Mercenary sales practices used by bank staff have been uncovered in an internal document leaked by a Barclays sales manager.
Customers are viewed as 'conquests', with advisers incentivised to sell riskier investments, or more expensive, profitable products, the confidential document leaked to the Daily Mail shows.
Persuading a customer to invest their savings in the stock market is 100 times more lucrative for salesmen than advising them to cautiously put their money in a savings account, the document reveals.
A salesman will earn 18p for each £1,000 put into a cash ISA, but £18.20 for each £1,000 invested in the stock market. Those who persuade a customer to sign up to Barclays Private Banking investment service earn £49.
The whistleblower, who manages a large sales team at Barclays, says: "It's a very high-pressure environment.
"Some of the things we sell - such as structured products - are rubbish. It's an easy sell as they offer elements of protection. But we are now being discouraged from selling so much because we want to be seen to be giving proper advice."

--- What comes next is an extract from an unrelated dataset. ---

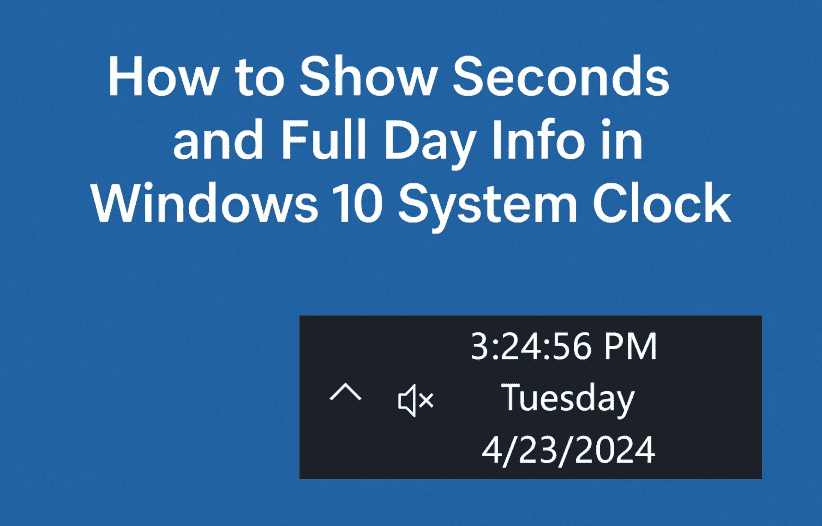 How to Show Seconds and Full Day Info in Windows 10 System Clock (With Registry Edits)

The bank is believed to be under investigation by the City watchdog for persuading thousands of elderly customers to switch their savings into risky funds.
Barclays says its processes adhere to banking regulations.
In a statement to the Daily Mail it said: "Staff rewards are reflective of the complexity of the product and the time invested to fully address the customer's needs.
"'Conquest' is a long-standing generic term for new business. We don't use it in relation to individual customers."
Salesmen earn points towards bonus targets for their team. Barclays calls the points earned on a product its 'real retail Conquest Value'.
Typically, the riskier the product, the higher the 'conquest value' and the more lucrative it is for the salesman.
The number of points earned from every £100,000 invested via Barclays Financial Planning has jumped by more than a third - from 2,700 last year to 3,750. Meanwhile, a Barclays loan earns 5,000 points.
The whistleblower says: "The pressure can be unbearable. We are set unrealistic targets. They were increased in January and our rewards were reduced. This money comes out of customers' pockets one way or another - either directly, or through charges built into the product."
Experts say the document makes a mockery of the FSA's decision to allow bank salesmen to escape the commission ban on IFAs, to be implemented as part of the RDR by 31 December 2012.
Other High Street banks offer similar incentive schemes which reward salesmen for churning as many investments as possible.